Thursday, August 29, 2013

Dooley the Fiddler

As I've struggled to make some sense of my friend David's fight against liver cancer, a line from an old Tom T. Hall song has been running through my mind - "The Year Clayton Delaney Died" is a country classic about the sad death of a sadder guitar player and the possibility of his music living on.  The line is Could be that the good Lord likes a little pickin' too.  I hope so.

There's no recovery from stage four liver cancer and my friend David is dying, sooner rather than later, most probably.  I search my soul for the right words - any words at all would do if I'm honest about it - and come up empty.  What do you say to a dying man and the wife he will leave behind?  This is a cold, fast moving and very aggressive cancer with no treatment.  It's giving no quarter, showing no mercy, and taking no prisoners and each time I think about visiting, my courage fails.  When I first learned he was ill, he swore to me secrecy and while part of me thought this vastly unfair, another part was grateful for the opportunity to pretend it wasn't happening.  My emotions are jumbled, a mix of cowardice and shame, fear and obligation.  I have the unhappy feeling that if I don't visit, I'll always regret it.

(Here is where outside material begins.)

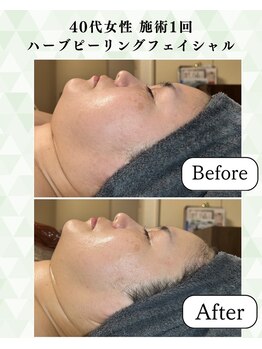 シーフェイス 横浜店(SEE FACE)/毛穴肌質改善ハーブピーリング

As I sometimes do in times when I need help sorting myself out, I turn to my cousin, a loyal and wise source of wisdom with more than a little experience in loss and tragedy and the adversity of life.  She gently reminds me to celebrate his being alive rather than see him as a death in progress, to ask about his feelings and fears, to listen, to be a witness to his voice.  This makes me smile in spite of myself - Linda's advice is always sound and intuitive - never easy to take but always sound.  Not only do I treasure it, I've been known to try and follow it on rare occasions.  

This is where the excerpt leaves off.